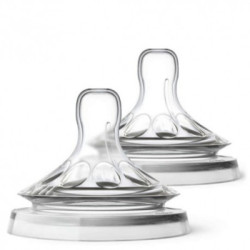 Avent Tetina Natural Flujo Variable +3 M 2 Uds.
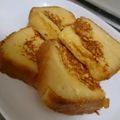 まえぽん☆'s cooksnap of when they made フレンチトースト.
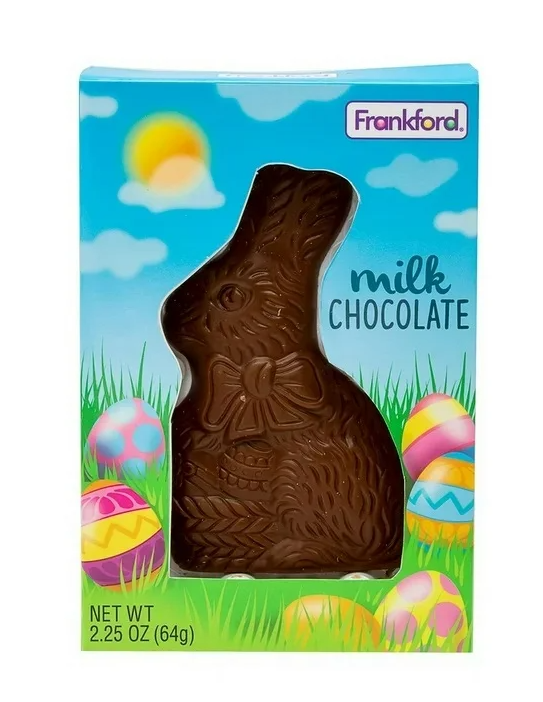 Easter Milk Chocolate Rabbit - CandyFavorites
...
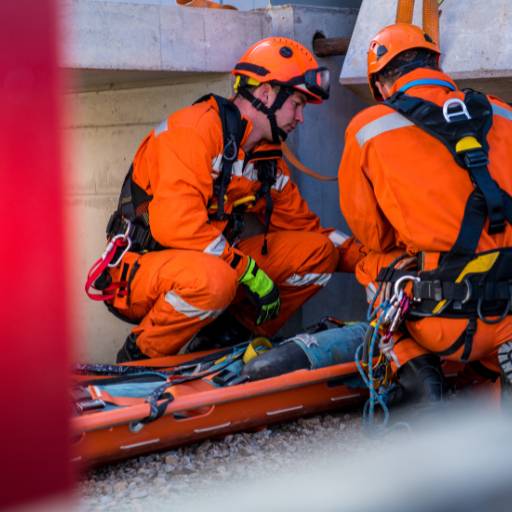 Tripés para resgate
--
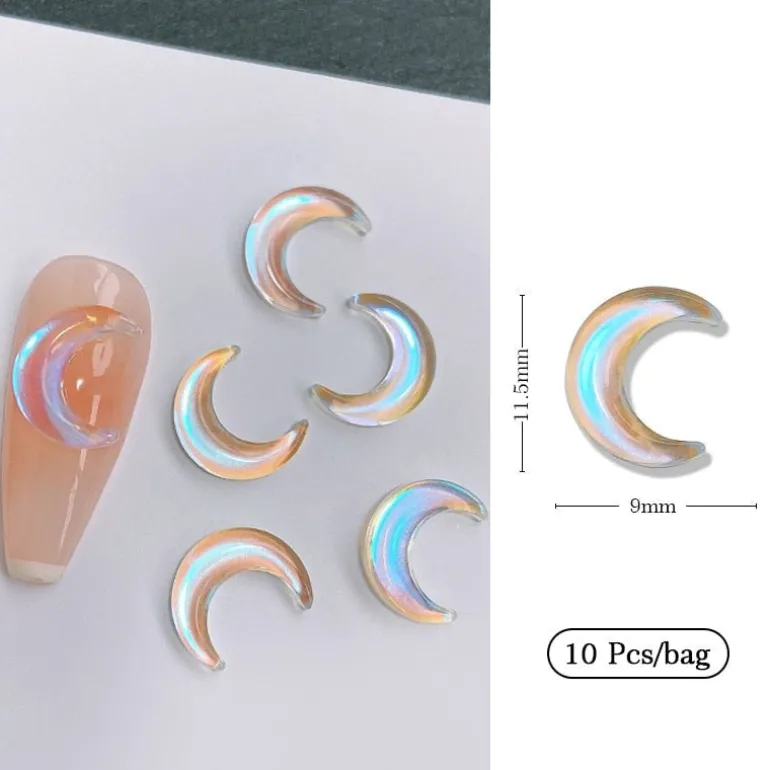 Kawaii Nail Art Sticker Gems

*What you need to do*:
Go back to the listing above and reproduce, exactly, the stretch from the line bearing "まえぽん☆'s cooksnap of when they made フレンチトースト." through the line bearing "Easter Milk Chocolate", without its pictures.

*Written response*:
 まえぽん☆'s cooksnap of when they made フレンチトースト.
 Easter Milk Chocolate Rabbit - CandyFavorites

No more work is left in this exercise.